There was a truck mine in Section 30, southeast of Brazil and about a mile east of the Liberty Mine called Seddon Bros. Coal Co. This was originally the Fred Kauzlarich Mine for the Sunny Slope Coal Co. It operated from 1934 to 1942. James Seddon was involved in several mines around Mystic as well as in the civic affairs of Mystic. I have described his family in a previous article. James “Zack” Seddon Sr. of Mystic was a third generation coal miner.
When interviewed about the dangers in the mine Zack Seddon related the need for extreme care to prevent the roof from falling in. Even the solid rock over the miners‚ heads would sometimes begin to bow. Some of the excavated dirt would be packed in the center as a brace. Still, pieces would fall.
In a story that recalled the dangers of the job as well as the hardiness of the workers, Seddon related how Cat Buban from Brazil was hit on the head by a piece of falling slate. Buban was said to have been unconscious for three days in the hospital. The first thing he did when gaining consciousness was to sit up and spit out a piece of chew he’d had in his mouth for the entire time.
There were two truck mines one mile east of the railroad crossing of Highway No. 2. The one on the north side of No. 2 was Corby Coal Co., later called K & K Coal Co. It operated from 1937 to 1958 and covered 10 acres. K & K stands for Judive and Troy Kauzlarich. There were two fatalities in this mine. In 1937 Joe Corby was killed when the mine cart got out of control and cornered Corby, throwing coal in his face.

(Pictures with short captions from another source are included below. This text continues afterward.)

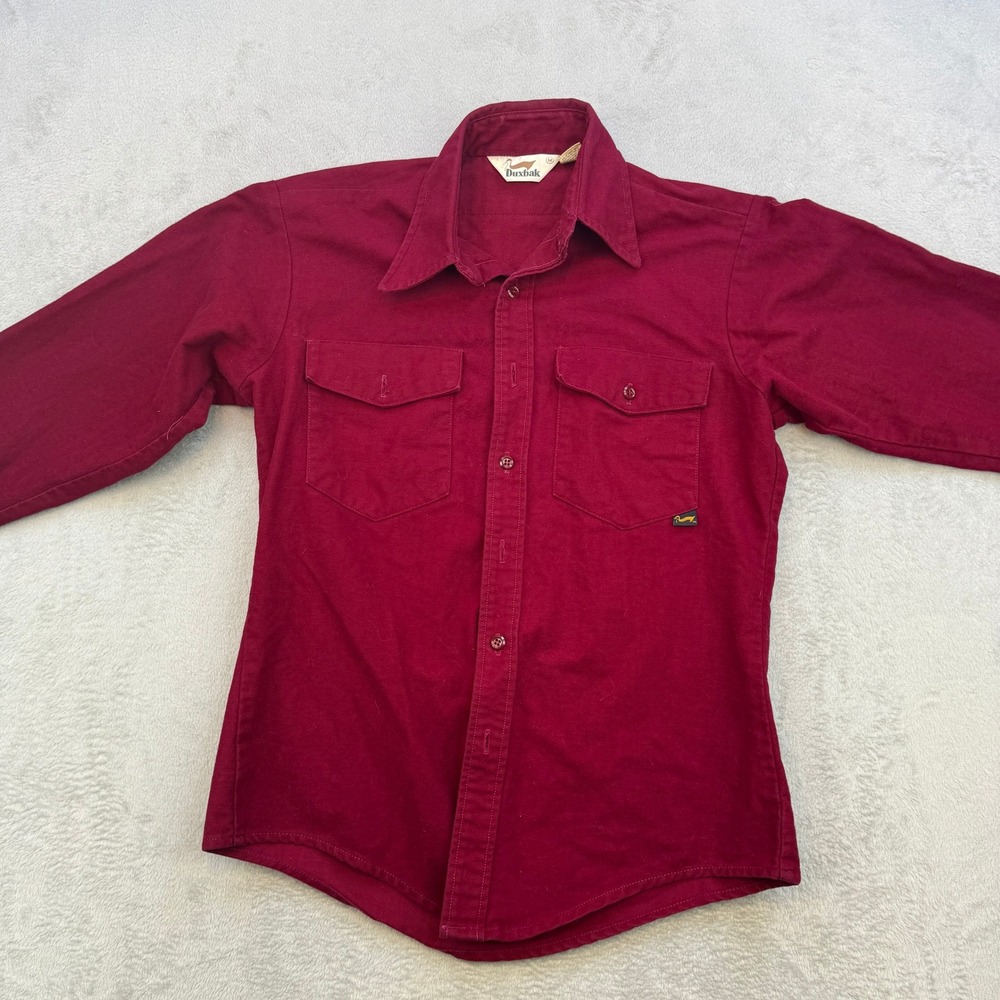 Duxbak Canvas Work Shirt Mens Medium Maroon Red Dual Pocket Vintage Workwear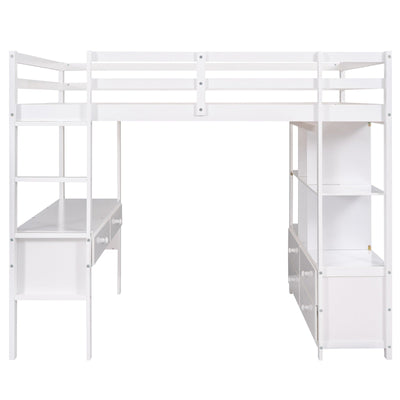 Full Size Loft Bed With Desk Drawers And Storage Shelves
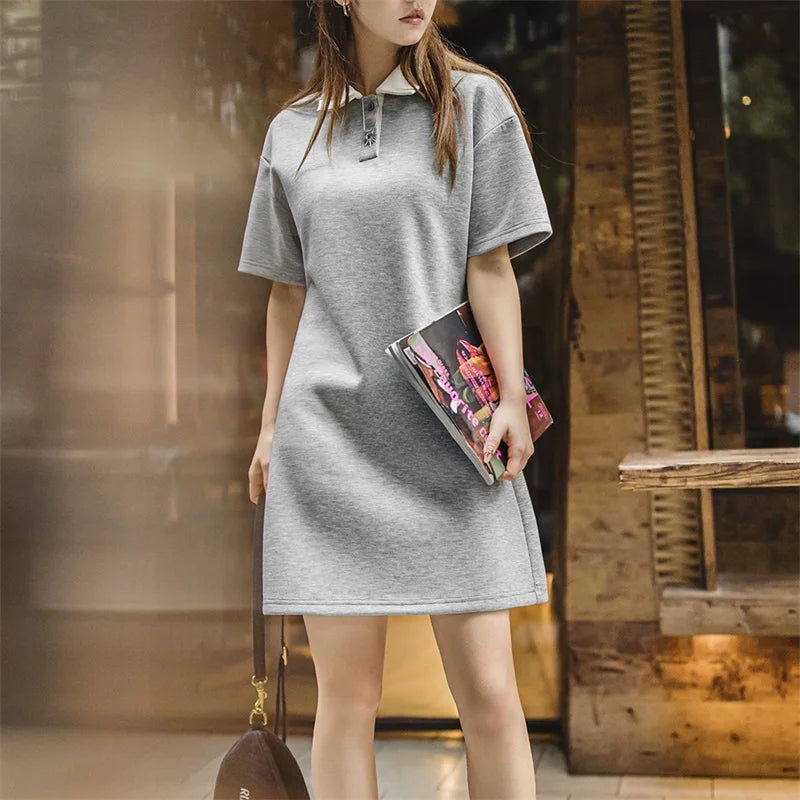 MADEN Damen Polo-Kurzarmkleid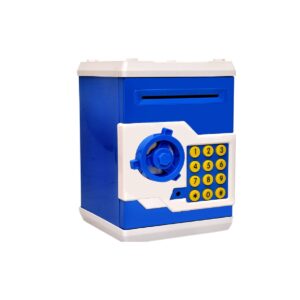 Glitter Collection Piggy Bank Money Box with Electronic Lock, ATM Machine, Blue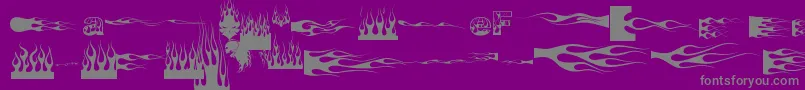 Fonte JFlames – fontes cinzas em um fundo violeta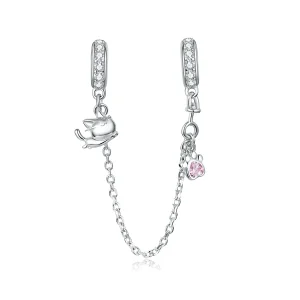 (bilde for) Pandora Style Silver Cat And Claw Safety Chain - BSC243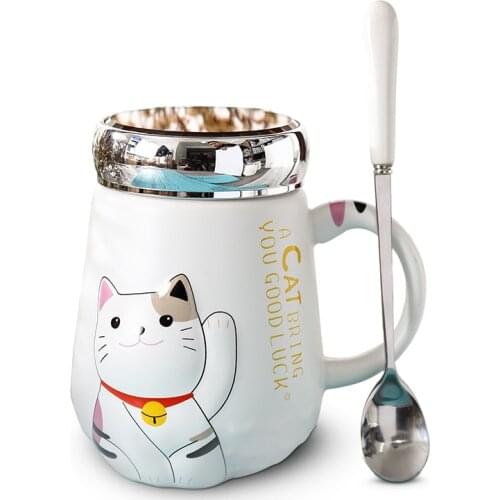 Cute Korean Mug Covered Spoon Student Office Drinking Cup Children Lovely Big Belly Catoon Coffee Milk Cup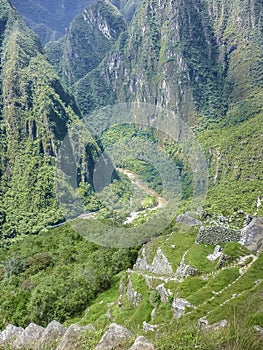 Putucusi Mountain and Urubamba River photo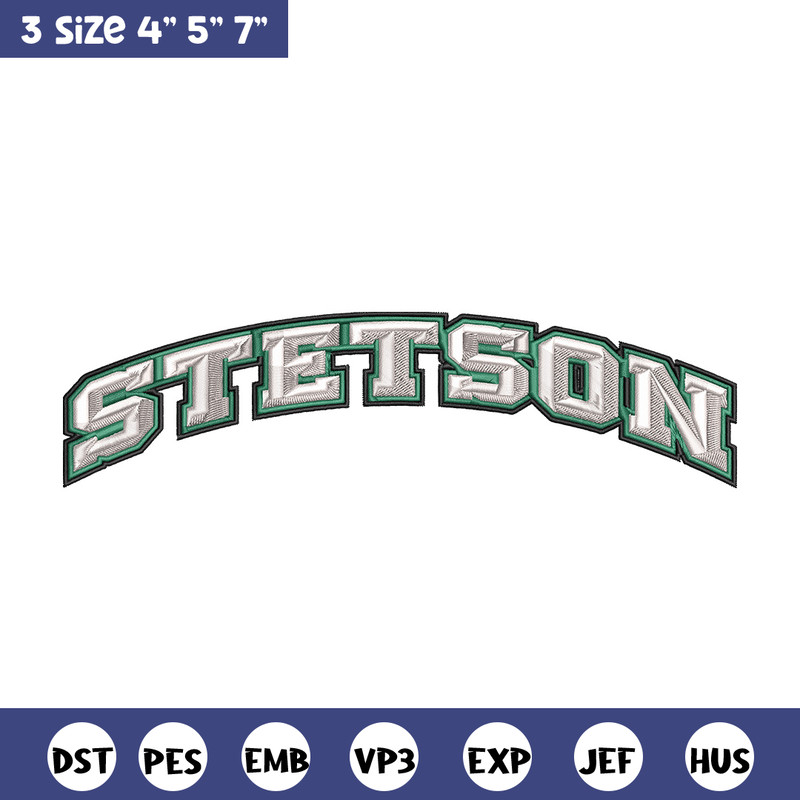 Stetson Hatters logo embroidery design, NCAA embroidery, Embroidery design,Logo sport embroidery,Sport embroidery.jpg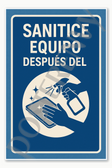 Sanitize Equipment After Use - Spanish Restaurant Kitchen Workplace Food Safety Employee sign poster - 18 inch x 12 inch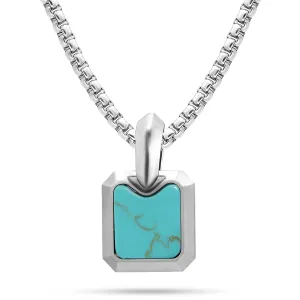 RTZN Turquoise Necklace for Men  Premium Mens Small Square Pendant with Stainless Steel Box Chain 22" Inch   2" Extension - Mens Turquoise Necklace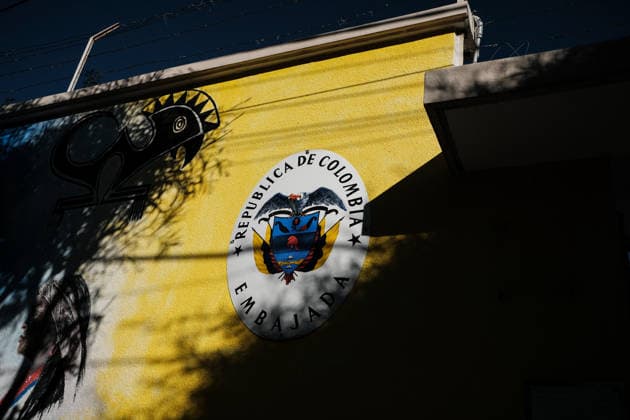 Bolivian Foreign Minister holds a press conference La PAZ, BOLIVIA - MAY 20: Photograph showing the Colombian coat of arms at the embassy located in La Paz, Bolivia, on May 20, 2026. Jorge Mateo Romay Salinas Anadolu La Paz Bolivia. Editorial use only. Please get in touch for any other usage.  Copyright: x2026xAnadoluxJorgexMateoxRomayxSalinasx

In 1941 Charles Owens, age 63, was killed by a fall of coal.
The other mine on the south side of No. 2 was Big Five Coal Co. It was in operation from 1933 to 1963. It had a 127 foot shaft and undermined 23 acres. This is one of the few mines that I remember seeing the tipple before the mine was sealed.

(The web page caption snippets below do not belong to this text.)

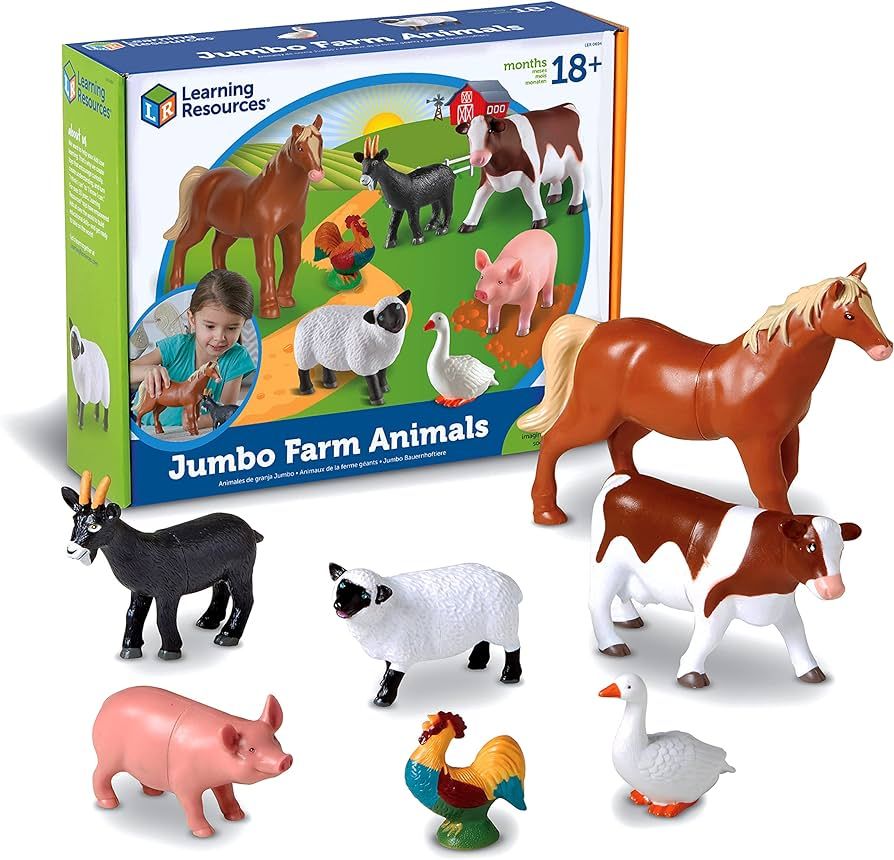 Learning Resources Jumbo Farm Animals, Animal Toy Set for Toddlers, 7 Pieces, Ages 18 Mos+ | Amazon (US)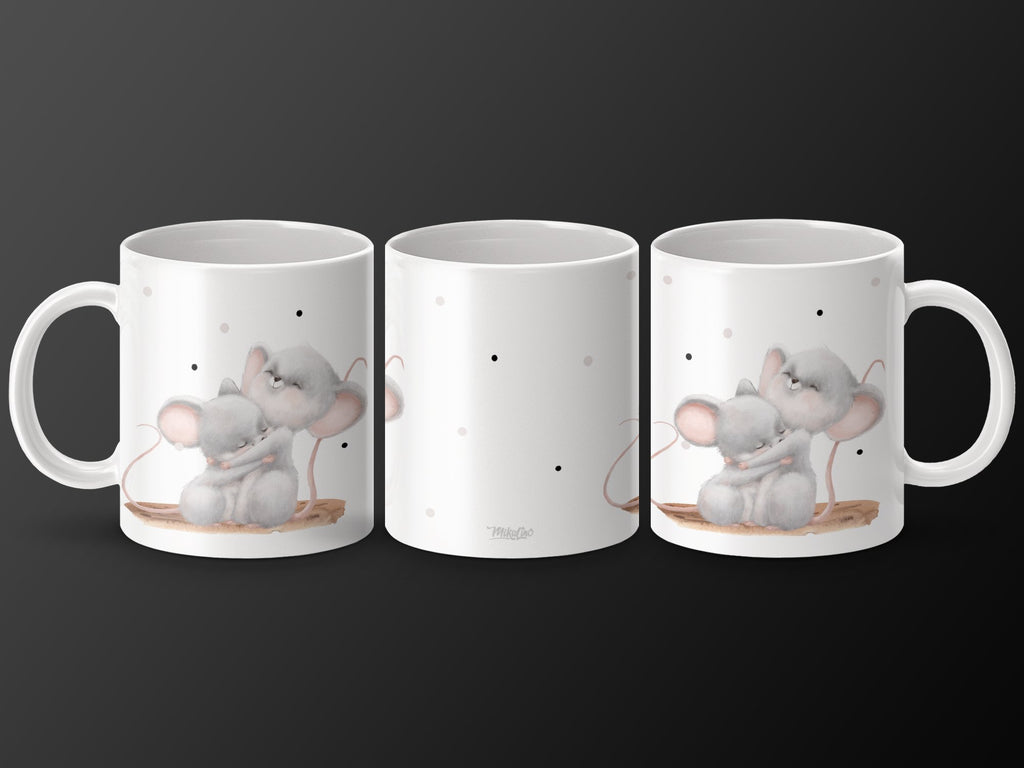 Keramik Tasse Süße Umarmung Mäuse Design - von Mikalino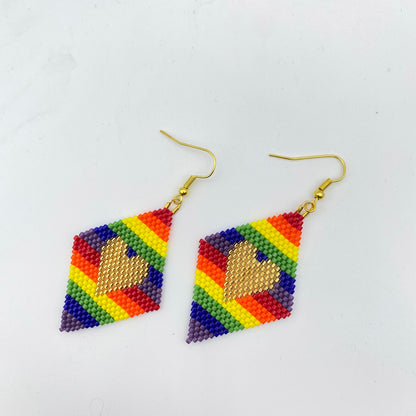 Beaded Glass Heart Pride Rainbow Earrings
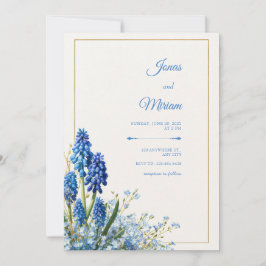 Cobalt Muscari Gold Frame Textured Background Inbjudningar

There were also four mines along the old route Highway No. 2 (before relocation north) going west from the railroad crossing. They were, in sequence, D.C. Coal Co., Douglas Coal Co., the Stepnoski Mine and Walnut Coal Co. The D.C. Coal Co. was 62 acres with a 70 foot shaft and operated from 1941 to 1966. D.C. stands for Dooley and Cathcart, and Johnny Cathcart ran the mine. The Douglas Coal Co. was a ten acre slope mine and operated from 1934 to 1942. Originally it was known as the Hog Farm Mine, as it was located on the old Hog Farm Corner, later the scene of so many automobile accidents. The Stepnoski Mine was 2 acres with a 60 foot shaft and operated from 1935 to 1942. It was connected underground to the Douglas Mine. The Walnut Creek Coal Co. was 27 acres with a 75 foot shaft and operated from 1934 to 1943. It was just south of Walnut Creek.